New Ideas and Approaches
For a host of reasons, traditional construction methods, even with better technology – will not provide the answer. The challenge has grown to a size that demands more radical solutions. Fortunately, we do not have to invent the solution, we just need to make more use of what is already available. Without any compromise on building design, function or performance, building with offsite manufactured structural timber systems can:
• Reduce build times by up to 30%
• Deliver greater confidence in budgets and timings
• Provide better guarantees of build quality and thermal performance
• Diminish the demand for skilled onsite labour
• Improve the integration of design and build to ensure buildability
The temptation to stick with the familiar is always strong. But when the familiar is proven to be failing and not up to the challenge, then where is the biggest risk – sticking with what you know probably will not work or opting for an approach that has proven it can deliver the outcomes you need?
The construction sector needs to improve productivity and build faster.
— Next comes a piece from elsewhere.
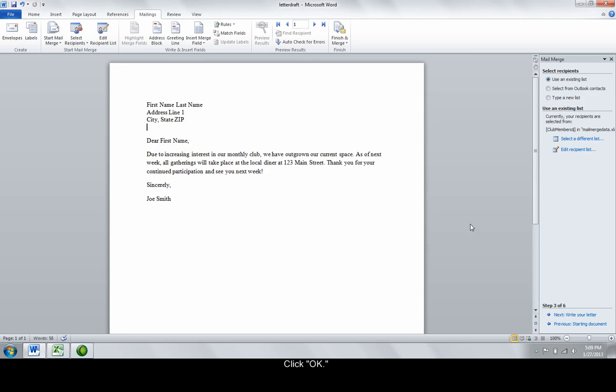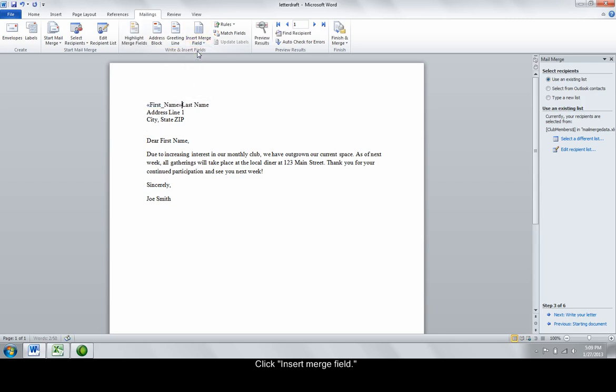Create the merge fields. Highlight First Name, for example, and click on Insert Merge Field First Name. This will put the variable information in brackets. Continue for the other fields.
It is widely recognised that offsite construction can deliver the step-change in performance that is needed. Yet, as the recently published House of Lords report identifies, the pace of change within the industry is still a problem. Part of the reason seems to be the practical reality that buyers are judged on how low they can get the cost. The need to shift the focus from construction cost to lifetime value is an ongoing discussion, but ever-tightening budgets for public sector bodies who commission the work make it unlikely that this ‘cultural blocker’ will disappear any time soon.
The House of Lords report is urging the construction industry to achieve a higher state of productivity and predictability through the pace and quality of manufactured construction. If the Government is serious about making progress they need to lead by example in their procurement and set the private sector a challenge to follow suit. Lifetime value is often enhanced through the adoption of offsite techniques. But this does not mean that construction costs cannot also equal, or beat, those of traditional construction – as the independent Timber and Masonry Cost Comparison Report by Rider Levett Bucknall UK, clearly demonstrates. It is vital to look forward, but we also know how critical it is to provide an effective solution for procurement professionals in the here and now.